Kids in the Speakerboxxx

What is a more frightening prospect: the fact that Britney Spears wants to have babies or that she wants to write poetry?

I've been haunted by that question since reading about Brit in Marie Claire. (I was stuck in the doctor's office — don't judge!) The whole week's been kind of troubling entertainment-wise.

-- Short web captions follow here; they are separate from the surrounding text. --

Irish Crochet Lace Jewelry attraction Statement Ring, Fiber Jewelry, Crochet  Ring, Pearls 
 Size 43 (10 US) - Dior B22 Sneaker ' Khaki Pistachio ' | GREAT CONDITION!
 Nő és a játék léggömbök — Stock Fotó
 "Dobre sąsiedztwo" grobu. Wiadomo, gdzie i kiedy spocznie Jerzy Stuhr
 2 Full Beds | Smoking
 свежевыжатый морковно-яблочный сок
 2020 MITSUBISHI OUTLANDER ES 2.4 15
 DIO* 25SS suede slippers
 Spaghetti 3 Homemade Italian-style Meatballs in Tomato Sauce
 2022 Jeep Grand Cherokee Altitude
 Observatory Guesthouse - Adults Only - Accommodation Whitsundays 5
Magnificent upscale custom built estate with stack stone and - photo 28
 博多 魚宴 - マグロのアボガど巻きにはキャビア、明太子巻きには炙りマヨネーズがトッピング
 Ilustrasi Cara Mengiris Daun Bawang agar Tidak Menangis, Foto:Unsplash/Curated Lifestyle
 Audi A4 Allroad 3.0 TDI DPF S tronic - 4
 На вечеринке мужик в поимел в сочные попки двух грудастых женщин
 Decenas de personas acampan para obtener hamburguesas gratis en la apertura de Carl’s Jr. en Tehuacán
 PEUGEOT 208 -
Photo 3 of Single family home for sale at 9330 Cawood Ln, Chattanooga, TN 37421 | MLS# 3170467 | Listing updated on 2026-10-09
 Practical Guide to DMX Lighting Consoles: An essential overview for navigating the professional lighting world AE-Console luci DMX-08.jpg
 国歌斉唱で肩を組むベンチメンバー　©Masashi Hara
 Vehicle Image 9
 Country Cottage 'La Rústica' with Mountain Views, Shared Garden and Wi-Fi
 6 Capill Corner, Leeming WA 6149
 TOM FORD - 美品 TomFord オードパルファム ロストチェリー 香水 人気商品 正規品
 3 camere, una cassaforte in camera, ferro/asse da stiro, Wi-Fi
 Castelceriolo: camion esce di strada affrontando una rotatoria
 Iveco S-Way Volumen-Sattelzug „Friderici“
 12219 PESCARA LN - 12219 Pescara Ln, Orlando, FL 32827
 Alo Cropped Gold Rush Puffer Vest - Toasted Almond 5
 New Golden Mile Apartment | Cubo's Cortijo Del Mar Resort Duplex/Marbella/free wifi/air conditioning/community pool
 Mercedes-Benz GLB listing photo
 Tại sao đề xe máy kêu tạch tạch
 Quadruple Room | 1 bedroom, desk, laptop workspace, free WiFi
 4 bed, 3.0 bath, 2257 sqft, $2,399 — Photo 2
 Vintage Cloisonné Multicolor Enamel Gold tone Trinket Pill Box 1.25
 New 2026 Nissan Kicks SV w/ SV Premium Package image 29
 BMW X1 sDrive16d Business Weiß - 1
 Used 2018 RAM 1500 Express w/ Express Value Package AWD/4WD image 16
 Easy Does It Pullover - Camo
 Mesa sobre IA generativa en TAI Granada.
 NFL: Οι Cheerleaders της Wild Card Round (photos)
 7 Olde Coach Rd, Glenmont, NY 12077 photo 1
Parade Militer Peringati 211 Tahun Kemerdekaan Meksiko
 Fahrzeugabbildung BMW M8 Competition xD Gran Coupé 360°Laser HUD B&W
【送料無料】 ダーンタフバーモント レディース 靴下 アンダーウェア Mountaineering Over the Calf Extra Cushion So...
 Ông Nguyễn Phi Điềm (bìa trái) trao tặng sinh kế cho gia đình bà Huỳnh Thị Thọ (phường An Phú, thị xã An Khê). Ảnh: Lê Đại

I went to my first O. Henry Pun-Off. I missed the second, more exciting half, which may be just as well with my delicate nerves. I was already dying inside when some of the punsters in the story competition repeated each other's motifs. Imagine working for months on your geology puns, only to hear someone get up and throw out "mineral (men are all) the same" before you. How does the human spirit handle that? It's just like "Bring It On," I thought, when the Toros see the other squad do their routine. (I tend to compare far, far too much to "Bring It On," which is troubling in itself.) A tip for next year's punsters: spirit fingers.

I'm soft. I worry. What's going to happen to Da Band? Is Xander OK? Why haven't we heard anything?

I'm going to have to trust that Dré and Big Boi are looking after Kevin McDonald. Listening to the audio commentaries on the "Kids in the Hall" Season 1 DVDs, I kept waiting for Kevin to bring up the fact that he's in an OutKast video. If I were Kevin, I would constantly be like, "Well, as Big Boi was telling me the other day . . ." and "That reminds me of what happened at Dré's party . . ." but he's too nice for that. Mark was always my favorite Kid, but I'm crossing over to the Kevin camp. He always seemed to be trying harder, risking more, looking worse — even in a fearless troupe like the Kids. Underappreciated in his KITH days (except by France — they love him in France!), he's underemployed now. "Lilo & Stitch"? Shudder. I hope the video for "Roses" lifts him out of the slump. Take one last look at the past, Kevin — and we're out.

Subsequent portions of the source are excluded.